Ten aanzien van de conclusie van [appellant] , eventueel te begrijpen als deelgrief, dat de kantonrechter “dan ook” ten onrechte overweegt dat [verweerster] voldoende heeft onderbouwd dat [appellant] qua zelfstandigheid, verantwoordelijkheid en zelfreflectie onvoldoende geschikt is voor de functie van Senior Geographic Technician geldt, in aansluiting op hetgeen hiervoor is overwogen, het volgende.

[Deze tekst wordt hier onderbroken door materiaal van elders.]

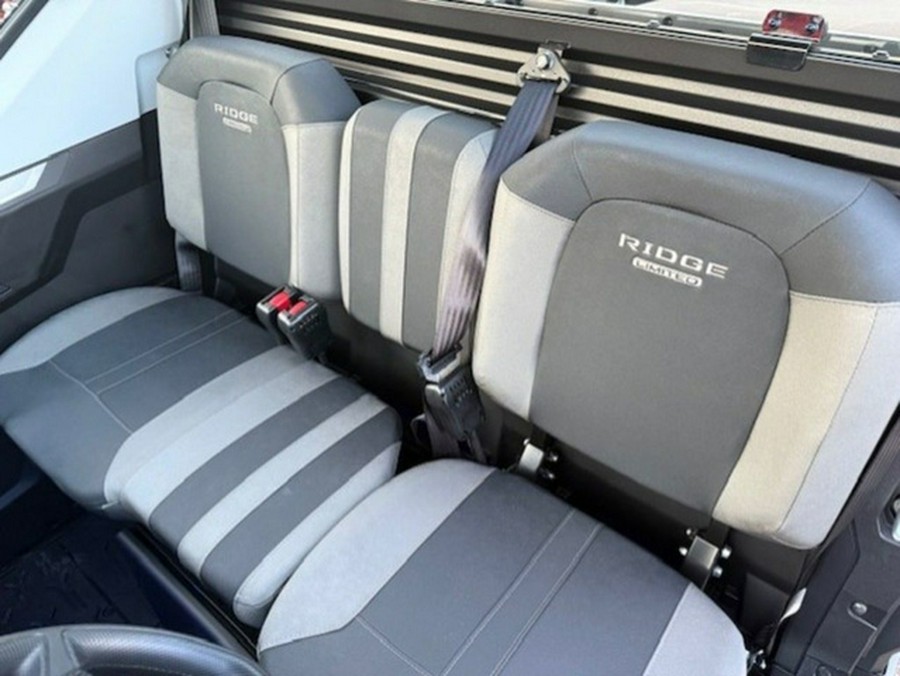 2025 Kawasaki RIDGE Limited HVAC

Het hof ziet tegen de achtergrond van de stellingen van beide partijen en de overgelegde producties geen aanleiding uitvoerig in te gaan op dit verweer van [appellant] : hij heeft zijn verweren op dit onderdeel onvoldoende gemotiveerd. [verweerster] heeft in eerste aanleg met een groot aantal producties, waaronder de twee PIP’s (rov 3.1.5 en 3.1.6) en de “Official warning” weergegeven in 3.1.7 ruimschoots onderbouwd dat en waarom [appellant] in haar ogen disfunctioneerde. Dat [appellant] “sterk het gevoel had dat de gesprekken slechts een formaliteit waren en niet daadwerkelijk naar oplossingen werd gezocht” (verweerschrift in e.a. 26), miskent dat er bij herhaling en gedetailleerd is aangegeven waarin hij zich diende te verbeteren, door het hof in aansluiting op de overweging van de kantonrechter samengevat in presentatie, houding en coaching van anderen. De “Official warning” sluit naar het oordeel van het hof precies aan bij de boodschap die [verweerster] aan [appellant] door middel van de PIP’s wenste over te brengen met het oog op de van hem verwachte verbetering in zijn functioneren; dat het slechts diende om een extra document in het ontslagdossier te hebben (verweerschrift in e.a. 41), is in dit licht bezien niet aannemelijk geworden. De “Improvement Goals” en “Activity Goals” uit de beide PIP’s maken voldoende duidelijk wat de bedoeling was en met “How to Accomplish” heeft [verweerster] aan [appellant] laten zien waarin zij dat tot uitdrukking wenste te zien komen. Geen “mocking behavior” (rov. 3.1.7) maar “Constructively discuss and find ways for improvement and changes” (2e PIP onder “Attitude”.) De door [appellant] in hoger beroep overgelegde stukken doen, het zij herhaald, onvoldoende af aan hetgeen door [verweerster] is gesteld en onderbouwd met betrekking tot zijn disfunctioneren.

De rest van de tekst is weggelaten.